While the RTA claims the new line will somehow bring
in billions, so far the project has been a net loss for businesses.
China Wall, an Asian restaurant on Canal Street, has for ten months sat
stuck between two closed, muddy streets. Its owner, Bao Li, bemoans a
total lack of parking that has killed pick-up orders—she estimates a
loss of around $20,000 for the year as a result of the construction.
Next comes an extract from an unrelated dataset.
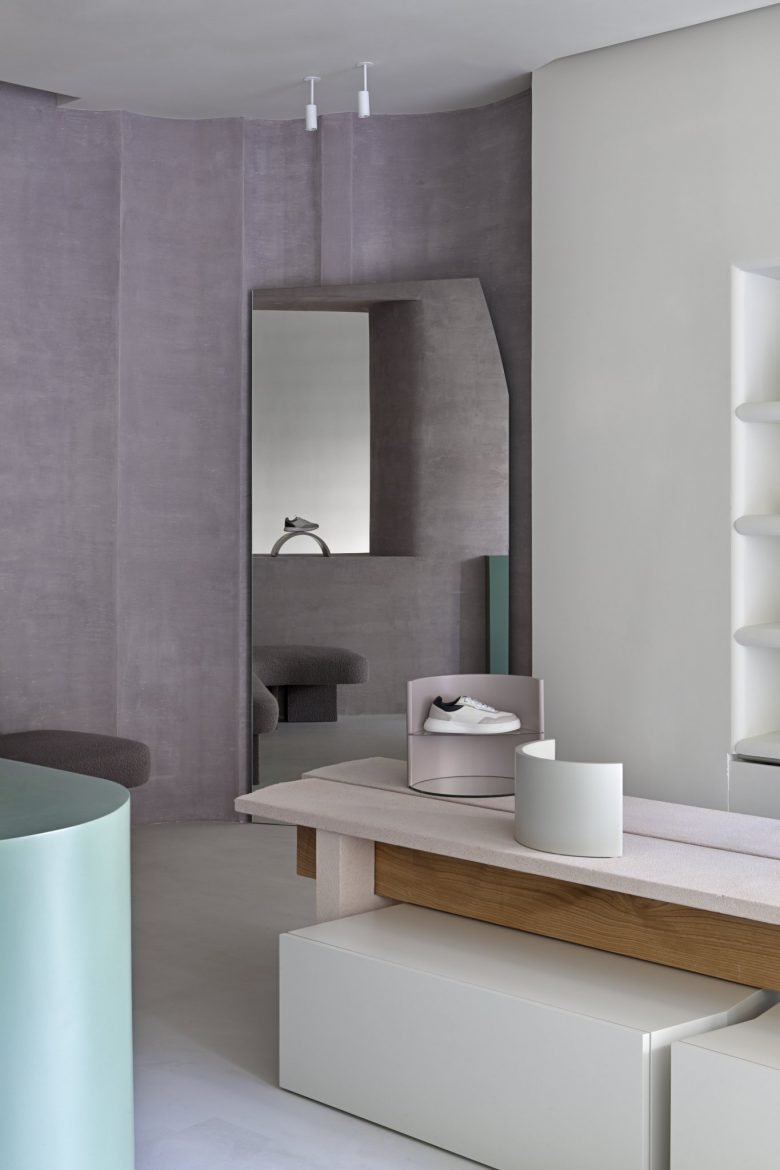 HOFF 旗舰店由 CISZAK DALMAS FERRARI 设计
When Li called the RTA to inquire about possible reimbursement, she was
told to call the city, who in turn suggested she call the RTA.
Once
the streetcar gets going and the party begins, Li doesn’t expect to
make back the lost income. “Business will be a little better soon,” she
said. “But the only ones who really make money during Super Bowl are
bars with televisions.”
When asked how Li might go about
recovering her losses, the RTA’s Bell Mercadel refused to comment,
instead repeating several times, “Progress is never easy.”
But
the shittiest end of the stick has been handed directly to some of
Carnival’s biggest spenders: the Mardi Gras krewes. Each year, krewe
members—both locals and people from around the country—spend thousands
of dollars on membership dues, parties, and balls,View our large
selection of cheap Safety goggles
with our low price guarantee. plus beads and toys to throw to the
crowds. Like the tourists, krewes spend and spend, and never see a
profit. Theirs is a free show.
This year Carnival—not an event
but a holiday season that’s celebrated according to a lunar
calendar—begins early anyway, which always puts a damper on the first
couple weeks’ attendance. This year, Mayor Landrieu has also “asked” 11
krewes to go on parade a week early so that “the focus stays on
football.” Krewes are even more-or-less disallowed from parading in the
Orleans Parish section of the West Bank,This will be the best kind of bobbleheads
a fan could get, across the Mississippi river. As a result, most West
Bank parades will move to the East for the first time ever—at their own
expense, of course.
The shift puts the 11 krewes’ parades closer
to America’s favorite wallet-draining corporate holiday, Christmas. As a
result, said Phil Fricano, the captain of the West Bank’s 36-year-old
Krewe of King Arthur, “Our membership is down from 500 in 2011 to 310
this year.Source Optical frame
Products at Eyeglasses Frames,” Because many people are tapped out
after Christmas and don't want to spend money to parade for sparse
crowds, King Arthur claims a loss of $350 per person in dues this year,
and will roll with six fewer floats.